Nevertheless, he said that the children remain, almost ten years after they were born, adopted, and brought back to Ireland, in a form of legal limbo. “They are unrelated by the law of their habitual residence to their de facto parents with whom they live and unrelated by the law of the land of their birth to the people whom Irish law, it is said, maintains are their parents.”
Mr Justice O’Donnell said the “complex legal position” could only be understood by considering the development of the case law in O’C & BO’C v Údáras Uchtála na hÉireann  2 IR 94, and In Re The Adoption Act 2010 s.49(2) and JB (a minor) & KB (a minor)  1 IR 270. Nineteen “Mexican adoptions” encountered difficulty due to the commencement of the 2010 Act. Fifteen cases were resolved by O’C. The Authority did not appeal O’C and the adoption in that case and 14 other adoptions were duly registered. However, the Authority considered that, since Baby K was not born by the time of the 2010 Act’s commencement, vested rights could not have accrued under the 1991 Act. It has maintained that it cannot register the adoptions in the Register and suggested that the children could be adopted in Ireland by a domestic adoption order under the 2010 Act Part 7. However, difficulties arose when the Child and Family Agency insisted on confirmation that the child was eligible for adoption before carrying out an assessment under s.37. CFA no longer maintains that position.
Mr Justice O’Donnell said that if such rights were capable of surviving the 2010 enactment and the repeal of the 1991 Act, then such rights are capable of arising where the child was born after 1 November 2010, as required by the constitutional obligation to hold all persons equal before the law. The judge said the line drawn by the law, as interpreted by the Authority, “runs to divide birth siblings”.
Mr Justice O’Donnell said the difference of treatment between the cases is stark, demonstrated by the differentiation between the position of Baby F and their sibling. One, “a child of a family and, on the other, as a legally parentless child being cared for by adults who could perhaps become guardians. At a most basic level, it distinguishes between the persons having the status of a family on the one hand and those living together and caring for each other but who would be told that they nevertheless do not constitute a family on the other. Where one child has a father and a mother, its sibling has two concerned adults. Where one couple has a son or a daughter, another has a child they are providing care to”
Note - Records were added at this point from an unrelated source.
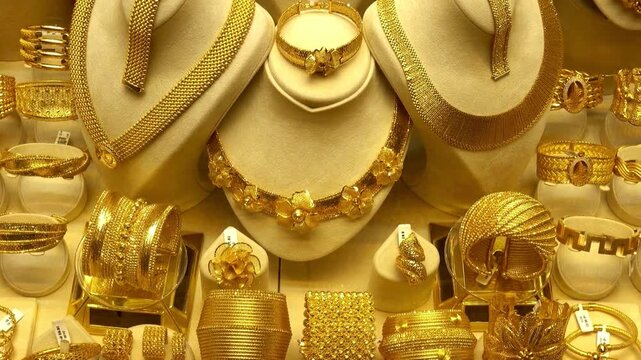 Luxury gold jewelry necklaces and bracelets displayed in shop window for sale
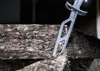 A close-up view of a saw blade inserted into insulation material. Voir les images du produit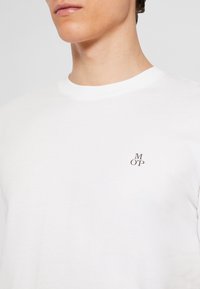 T-shirt bianca in cotone con scollatura rotonda e maniche corte. Presenta un piccolo logo nero "M OP" ricamato nell'area sinistra del petto.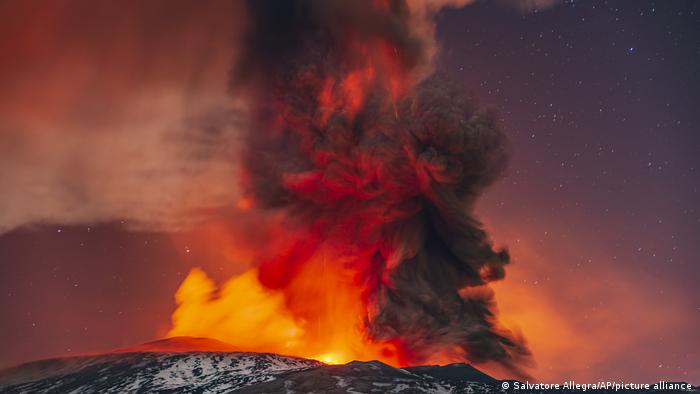 Lava and ash from Mount Etna color the night sky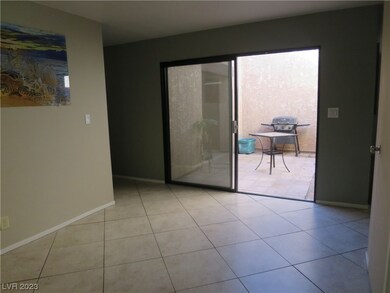 This view shows the dining room with glass sliding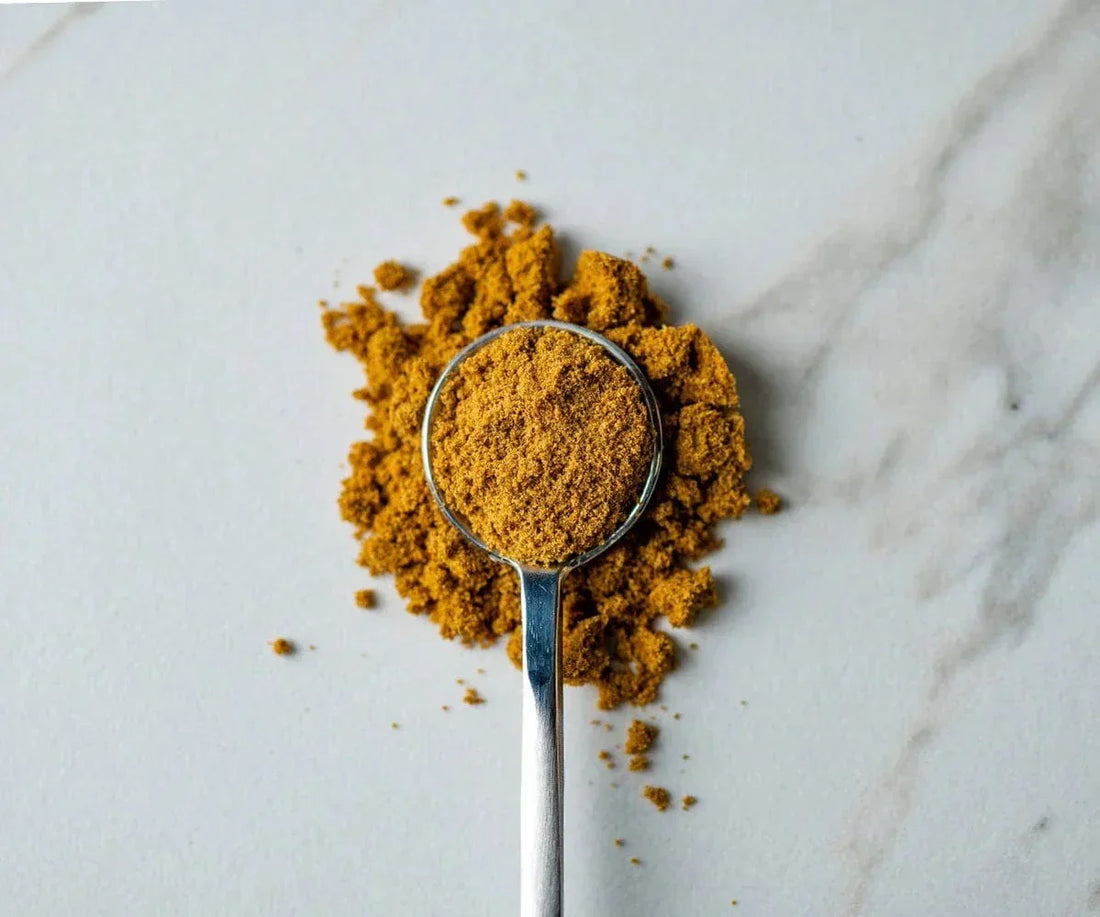 Spoon on white background with whole cumin seeds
The court therefore invited counsel to consider the possible application of McMahon v Leahy  IR 525, where the court held that it “would patently result in an unequal treatment, at the hands of the Courts, of citizens who, as human beings, are in equal condition in the context of the law involved.” In Hanley v The Minister for Defence  4 IR 392, Ms Justice Susan Denham held that the “constitutional guarantee of equality (Article 40.1) requires that persons be held equal before the law. There is an obligation of equal treatment. Thus, similar cases should be determined in a constant and foreseeable pattern. The concept of justice and fairness demand that the system not be a lottery”.
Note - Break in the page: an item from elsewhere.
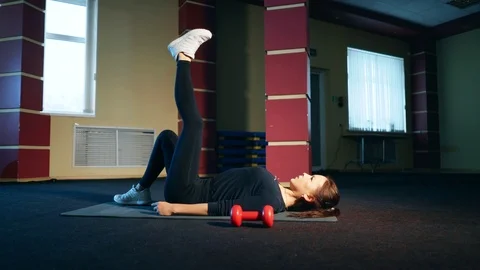 Exercise lifting the pelvis with one foot. The girl performs an exercise on the Stock Footage 104002807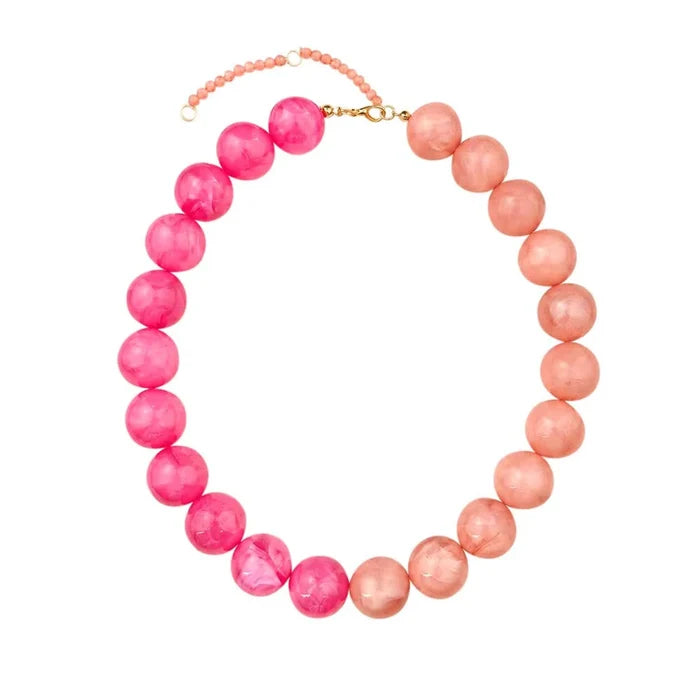 A beaded necklace featuring a color gradient from bright pink on one side to soft peach on the other, with a small gold clasp and extender chain, shown on a plain white background.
The judged noted the Authority’s legitimate concerns about Ireland’s obligations as a signatory to the Hague convention, but said that it has registered Mexican adoptions which are “functionally indistinguishable” from the present matter. He said that a domestic adoption could lead to “perhaps more significant consequences for future cases.”
It would be a failure to hold these two children equal before the law “in such an important feature of their human personality” if the law were to permit a different outcome for them, and the court held that it was not lawful for the Authority to refuse the admission of their adoptions on the Register.